Он постоянно думает об этом, когда трезв. Когда пьян – тоже, но мысли становятся не такими плотными и летают в его мозгу, сменяя одна другую, прежде чем он успевает их рассмотреть. Они становятся легче, порхают то ли шустрыми птичками, то ли пестрыми рыбками. Он почти их не осязает. Но потом благодатное действие виски заканчивается, и все эти мысли наваливаются на него с новой силой и обретают прежнюю тяжесть. Так почему бы, пока он еще чувствует эту восхитительную легкость, не рассказать правду? Скрытая от всех правда лежит на нем таким же тяжелым грузом, и такой правды, как та, что он рассказывает Сэлмон, еще немало. Он скинет с души маленький осколок, пока еще способен на это. Пока он все еще жив. Билл знает, что может жить еще долго, но не слишком верит в это. Он старик и он арбитр – все сходится к тому, что он может протянуть год, десять, пару десятков, но вот больше? И хочет ли он жить еще дольше? Он не знает, будет ли лучше салаге от того, что он рассказывает, но сейчас Билл думает только о самом себе. Вполне рассматривает вариант, при котором они уже завтра перестанут быть напарниками, ведь он все-таки пристрелил не совсем чужого ей человека, хотя она никогда его и не знала. Молчать, постоянно видя рядом молоденькую Сэлмон, очень скоро становится невыносимо, но чтобы сказать правду, нужно немного храбрости. Какое счастье, что не нужно идти за ней по дороге из желтого кирпича к каким-то волшебникам – ее разливают в любом, даже самом вшивом баре.

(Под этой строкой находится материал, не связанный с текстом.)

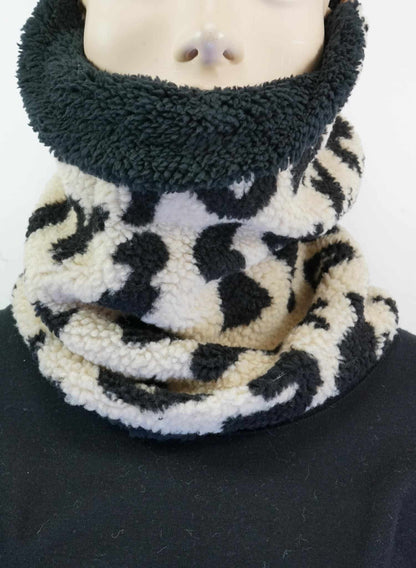 MAXI Loop | Leo Creme &amp; Schwarz | Wendeloop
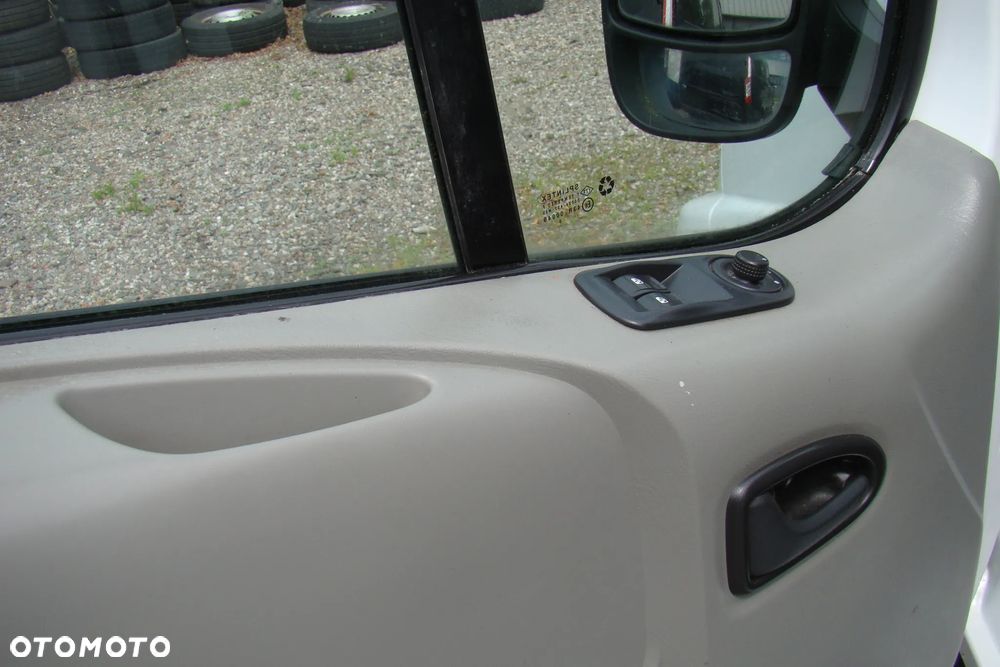 Renault Trafic - 8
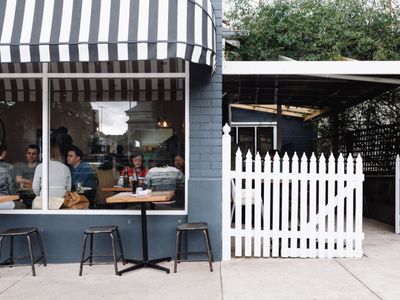 jerry-joy-cafe-thornbury-2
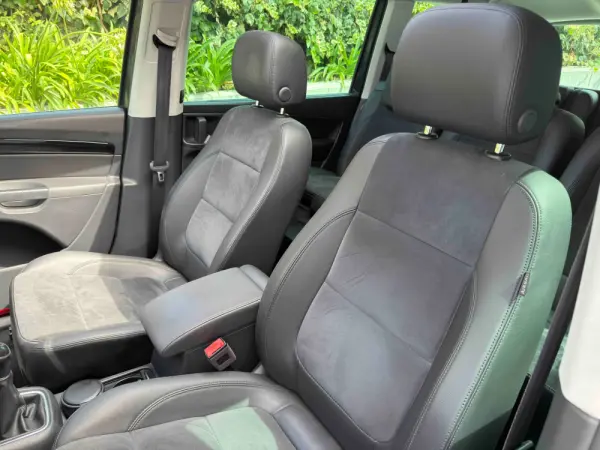 Volkswagen Sharan 2.0 TDI Blue Highline 30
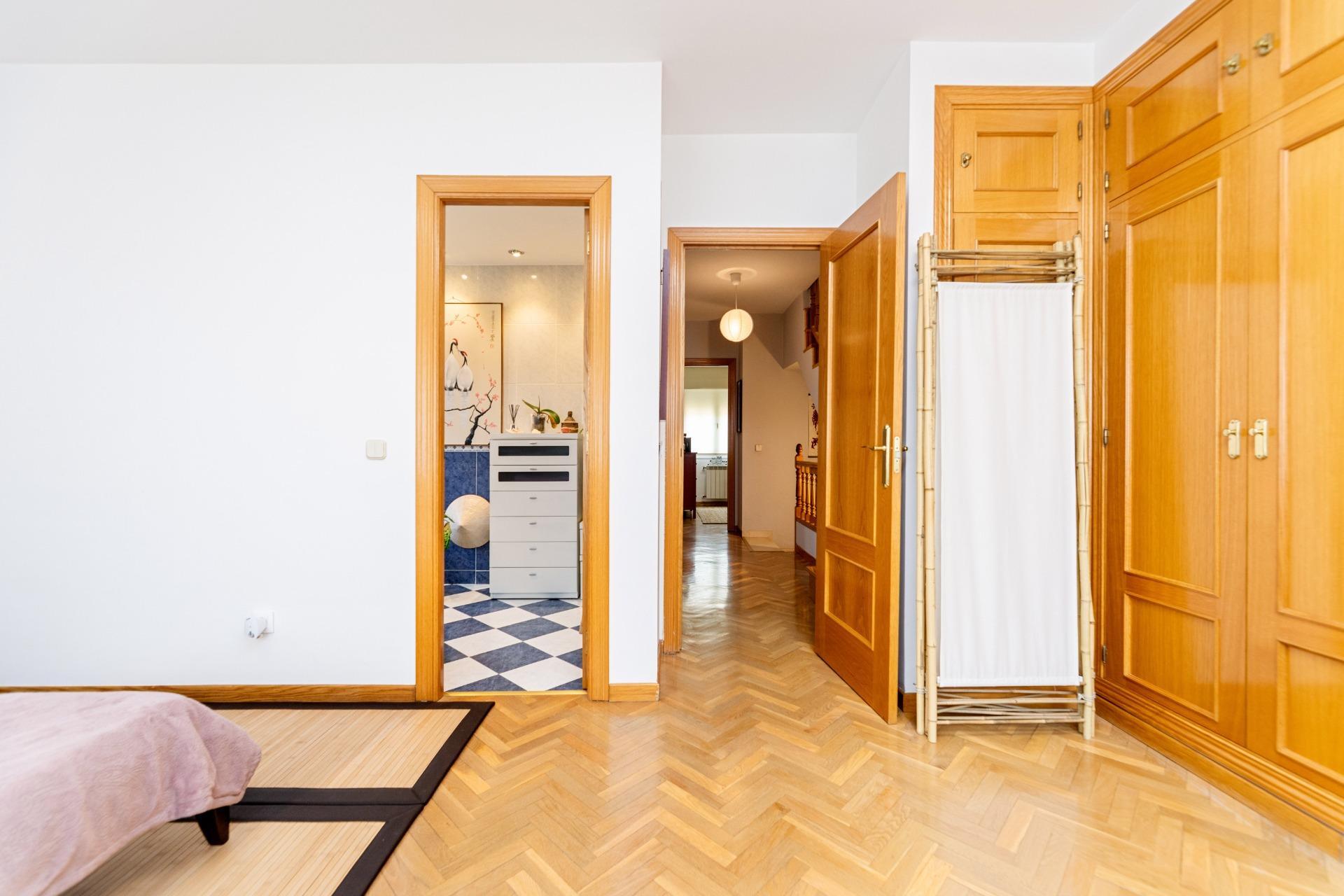 Casas o chalets-Venta-Villaviciosa de OdÃ³n-1836500-Foto-21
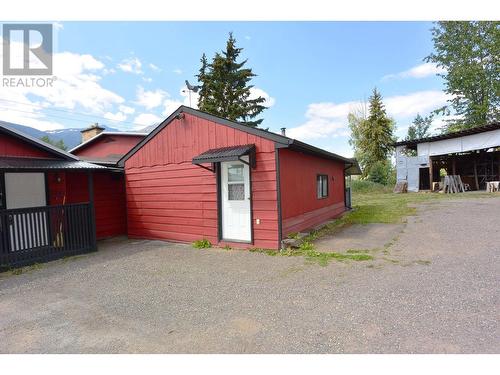 3241 Banff Avenue, Smithers, BC - Outdoor With Exterior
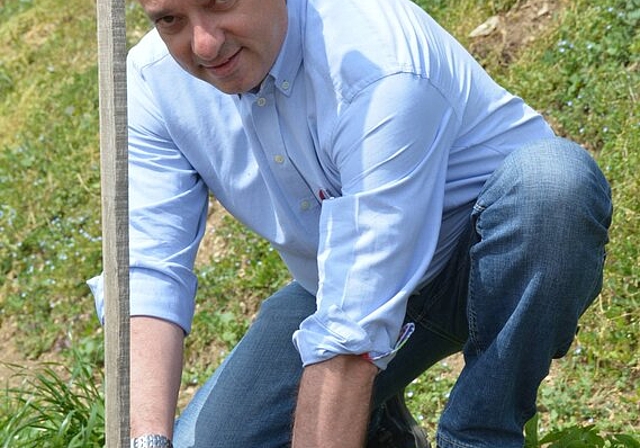 Legte am Dienstag selber Hand an: Gemeindeammann Markus Dieth.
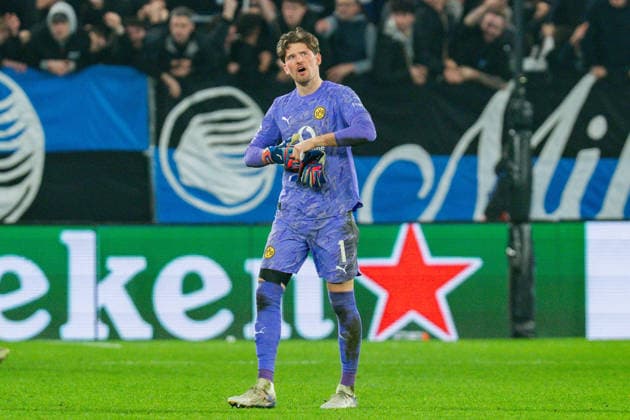 25.02.2026, Atalanta Bergamo vs. Borussia Dortmund, UEFA Champions League, Playoffs-Rückspiel Gregor Kobel (Borussia Dortmund, 1) unzufrieden sauer enttäuscht Regulations prohibit any use of photographs as image sequences and or quasi video Copyright: xBahhoxKarax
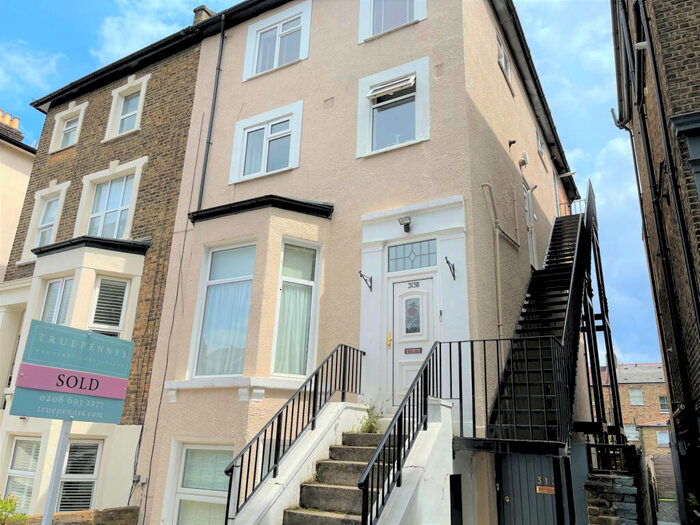 2 Bedroom Flat To Rent In Lordship Lane, London, SE22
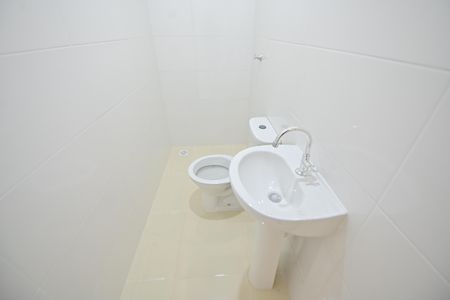 Banheiro Social de casa de condomínio para alugar com 1 quarto, 22m² em Jardim América, Goiânia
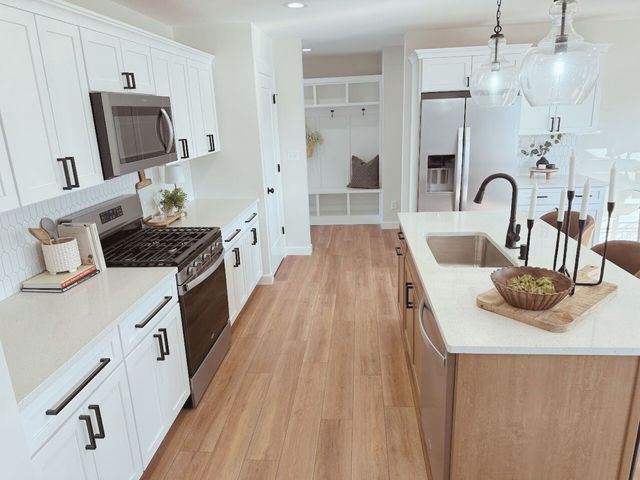 1696 Yorktown Drive, Bourbonnais, IL 60914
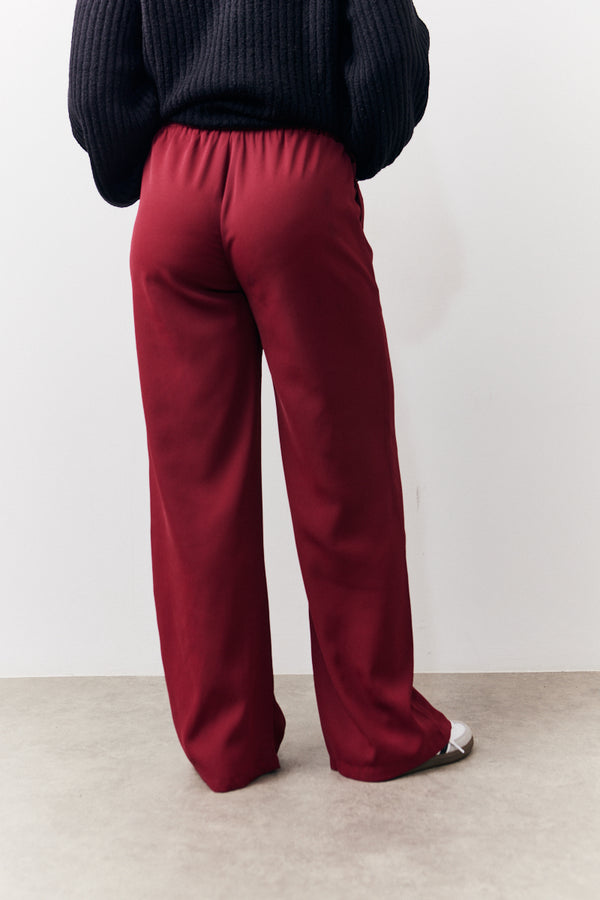 In The Style In The Style Relaxed Woven Trouser Burgundy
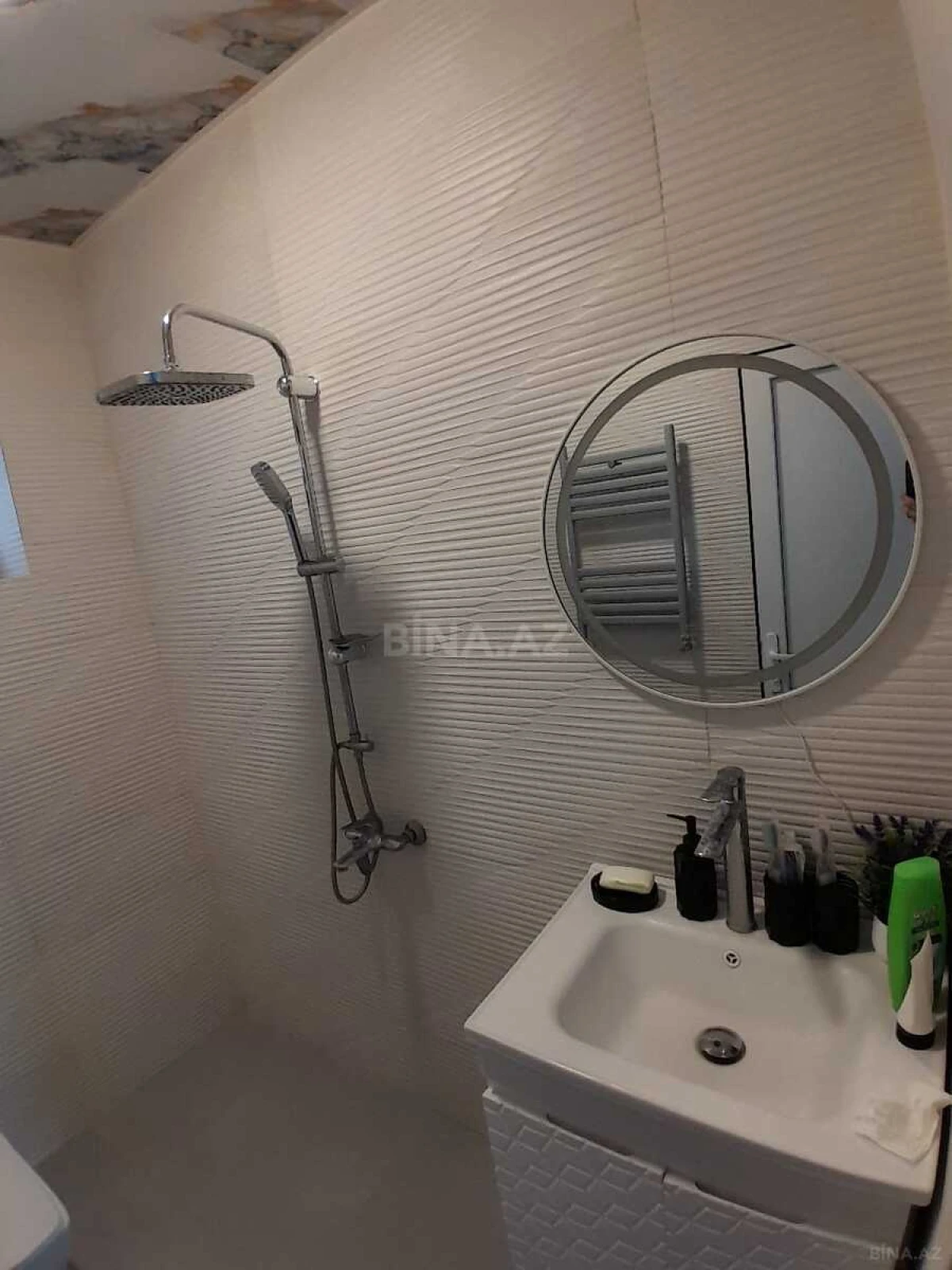 Satılır 6 otaqlı həyət evi 180 m²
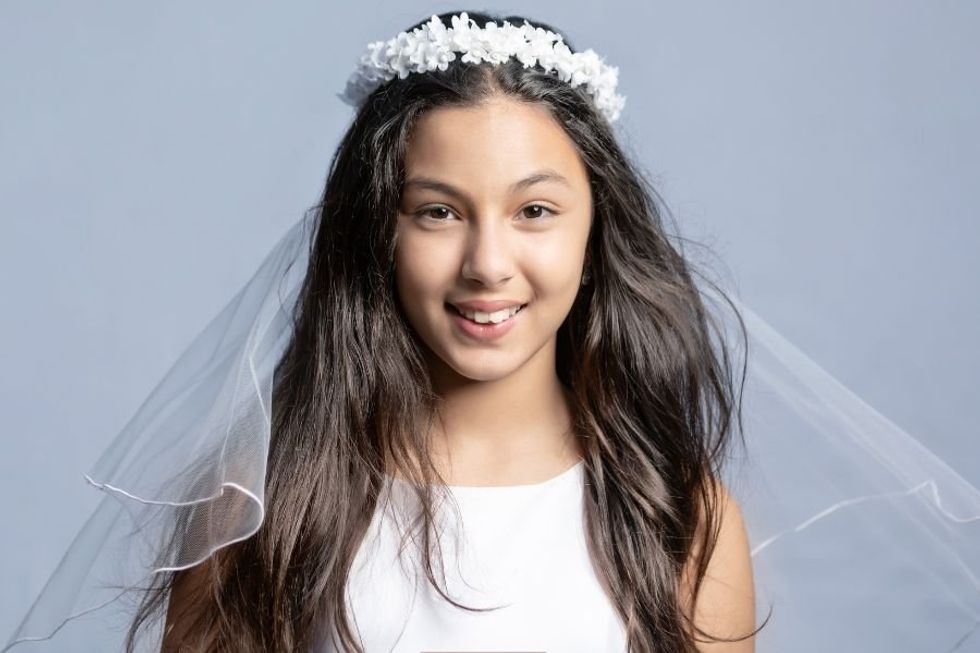 Disneyland Paris; Disneyland wedding; Disneyland fake wedding; child bride; child bride prank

Он сам не знал, какой ждал реакции, но, кажется, все-таки не такой. Будь Билл трезвее, он бы, пожалуй, забеспокоился, но он был слишком пьян: только мотнул головой, принимая такое ее решение, повернулся обратно к стойке и покрутил перед собой пустой стакан. Где-то на грани сознания мигала, как крохотный индикатор, мысль о том, что ему надо немного повременить с выпивкой, чтобы рассказать все Сэлмон до конца, если она, конечно, захочет слушать. Он знал свои пределы. Скоро должен включиться автопилот, на котором он отправится домой. Прежде чем это случится… Билл прикрыл глаза, собирая расползавшиеся, как червяки, мысли, но собрать их не успел – и, к счастью, не успел забыть о том, что Сэлмон вообще была здесь, как она уже появилась сама. Билл еще раз крутанул на столе пустой стакан, не спеша требовать у бармена наполнить его снова. Еще немного, Билли. Ты сдюжишь. Ты и не такое выносил.
– Как чушь, значит? – он криво усмехается и почесывает бороду пальцами правой руки. – Так или иначе, я тебе сказал. Ты услышала. Я не уверен, что имею… моральное право продолжать держать это в тайне. А что чушь… да-а-а, было бы неплохо, дорогуша, если бы это оказалось чушью, я был бы не против. Я бы не так нервничал, – он хрипло рассмеялся, – от того, что мне прикрывает спину одна из Сэлмонов, да… – смех стих. – Не то чтобы ты давала мне повод не доверять тебе, да… И не то чтобы именно эта смерть всерьез отягощала мою совесть, но, понимаешь, врать напарнику, даже если это наглая, непочтительная всезнайка, которая уверена, что она все знает лучше старика Гарретта… – он растянул губы в улыбке, грозя пальцем стакану, потому что черт побери, он хвалил сейчас эту пигалицу, чтобы она о себе ни думала, и развел руками, едва не смахнув стакан на пол, – Ну не смог. Мы же вроде как должны доверять друг другу… – он помолчал, складывая одно к другому. Махнул рукой бармену и указал на стакан. – Да, иронично получается.